I think it is amazing that we don't all have the same back grounds, education and knowledge so consequently we all inhabit the same plane of existence with vastly different concepts, views, and perceptions of the world we live in. When you understand this concept you can see why some people may seem narrow minded, or cling so defensively to wrong, misguided, or skewed perceptions of the world. Because to them it is their world, what they believe to be true, what they know, and it is hard sometimes to back up and say "I might be mistaken." "Maybe I'm wrong!" "Maybe what I believe and was taught is not what really happened?"

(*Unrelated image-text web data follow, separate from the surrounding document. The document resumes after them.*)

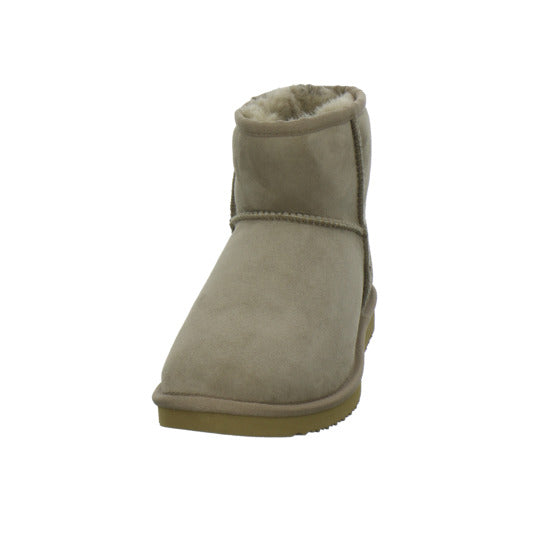 Mary & Co. Winterstiefel Damen taupe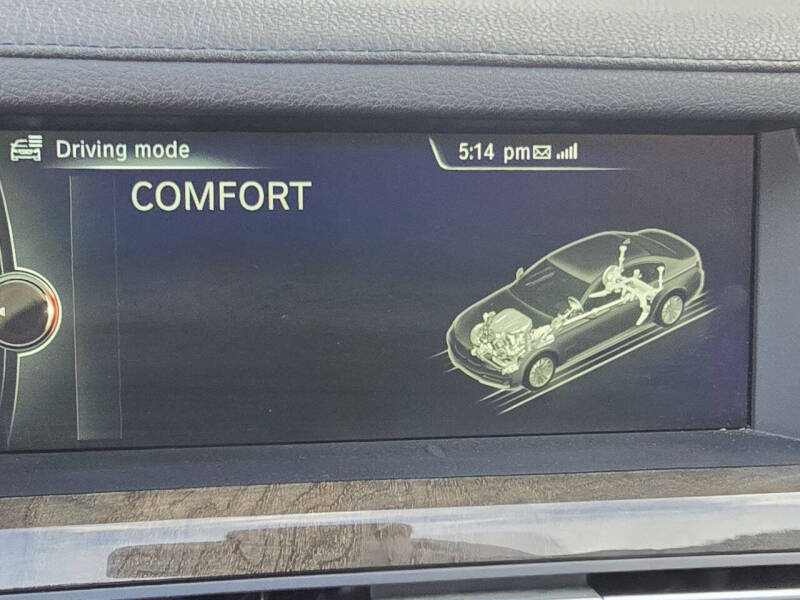 2013 BMW 7 Series ActiveHybrid 7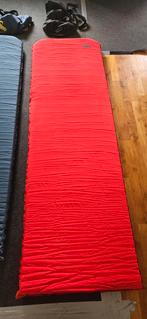 High Peak Zelfopblaasbare Slaapmat - 204x62x7 cm, Caravans en Kamperen, Slaapmatten, Ophalen, Gebruikt, 1-persoons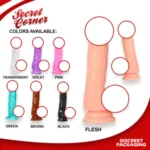 Big Size Silicone Dildo For Women In Pakistan – Shoppkar.Com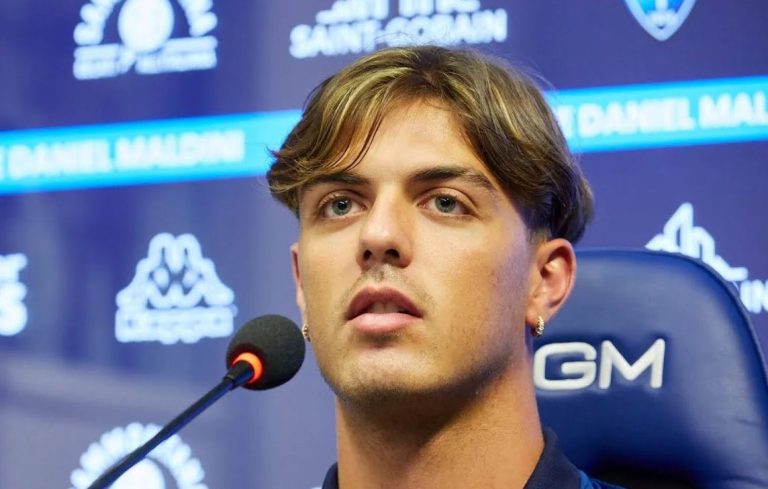 E bujshme nga Italia/ Interi synon Maldinin, djali i Paolos mund të tradhtojë “kuqezinjtë”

Maybe my fascination with history is the result of years of finding out that other things existed that I was unaware of. Maybe I got tired of being surprised and decided to ask questions and read books to determine my own truth and beliefs about this world we live in. I also through the years have become a big proponent of knowing why do you believe what you believe?
Because somebody told you? You saw it? You where there? You read about it in a book? You saw a movie about it sometime somewhere? That's how you were raised?
What do you believe? Why do you believe it?
What do you truly know is real and concrete? Beyond reproach?
What have you researched and discovered on your own?
I know the more I learn the more I find that I don't know. The more questions I get.
The old adage goes: "Ignorance Is Bliss."
When I was first leaning things I thought this meant that those that don't know and don't question things and don't get disappointed by the truths they discover are more blissful because they don't know and don't care.
I have learned a shit load of stuff since I came out of the woods in 1979. I learned things growing up in the woods that city people don't have a clue about. When I go camping or get to hike through the woods it brings back a plethora of memories from my childhood and hiking and riding horses through the woods as a boy.
As I have gotten older and wiser I realize the more I learn the more I don't know. The more I don't know the more ignorant I am becoming. The more I learn and become ignorant the more blissful it becomes.
Change the things you can and be wise enough to know the difference! Amen.
1 comments:
Nice post, Thomas! And exactly! I was raised in a little midwest town with three TV channels, but luckily I had KZ-93 radio and the Weekender and teen mags to keep me music informed, at least to some extent. And then I married military and moved ... everywhere. What an eye opener! I also read a lot of history. Very important to look outside your own world.